Leaving out the images, return the data below exactly as it is written.

- SOURCE MATERIAL:
+===+
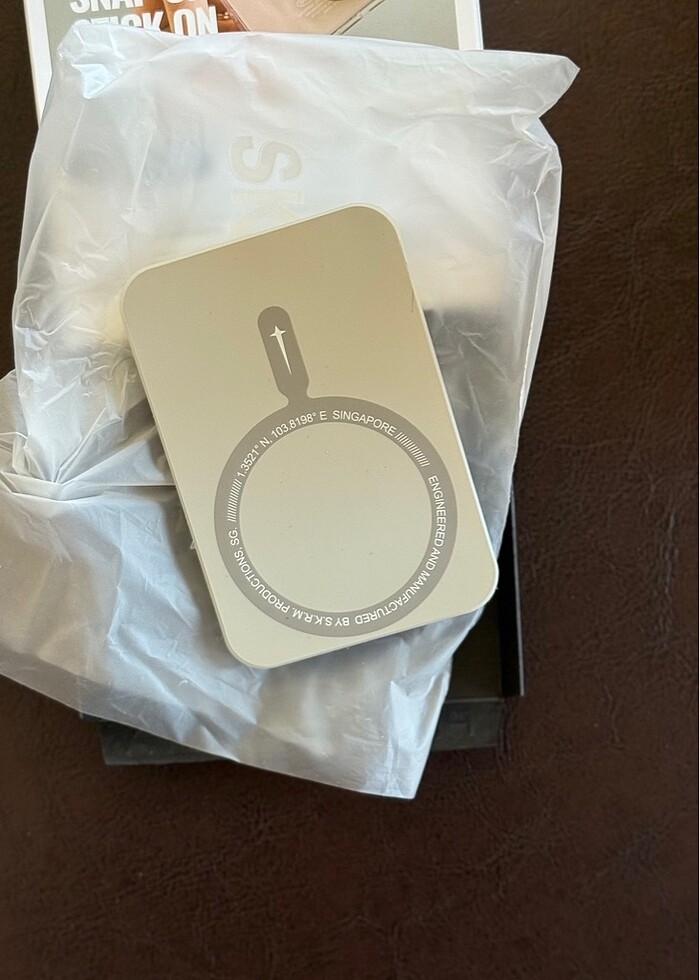 Beyaz Magnetik Vakumlu Magsafe Tutucu - Görsel 3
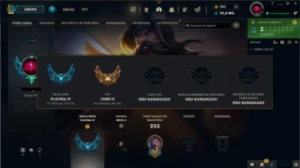 Conta Lol/Tft Platina,105 campeoes, 46 Skins - League of Legends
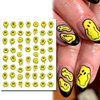 IDDFEVE 12 Sheets Abstract Smiling Face & Evil Eye Nail Art Stickers, 3D Funny Nail Decals Self-Adhesive Designs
+===+
- RESPONSE AREA:
 Beyaz Magnetik Vakumlu Magsafe Tutucu - Görsel 3
 Conta Lol/Tft Platina,105 campeoes, 46 Skins - League of Legends
 IDDFEVE 12 Sheets Abstract Smiling Face & Evil Eye Nail Art Stickers, 3D Funny Nail Decals Self-Adhesive Designs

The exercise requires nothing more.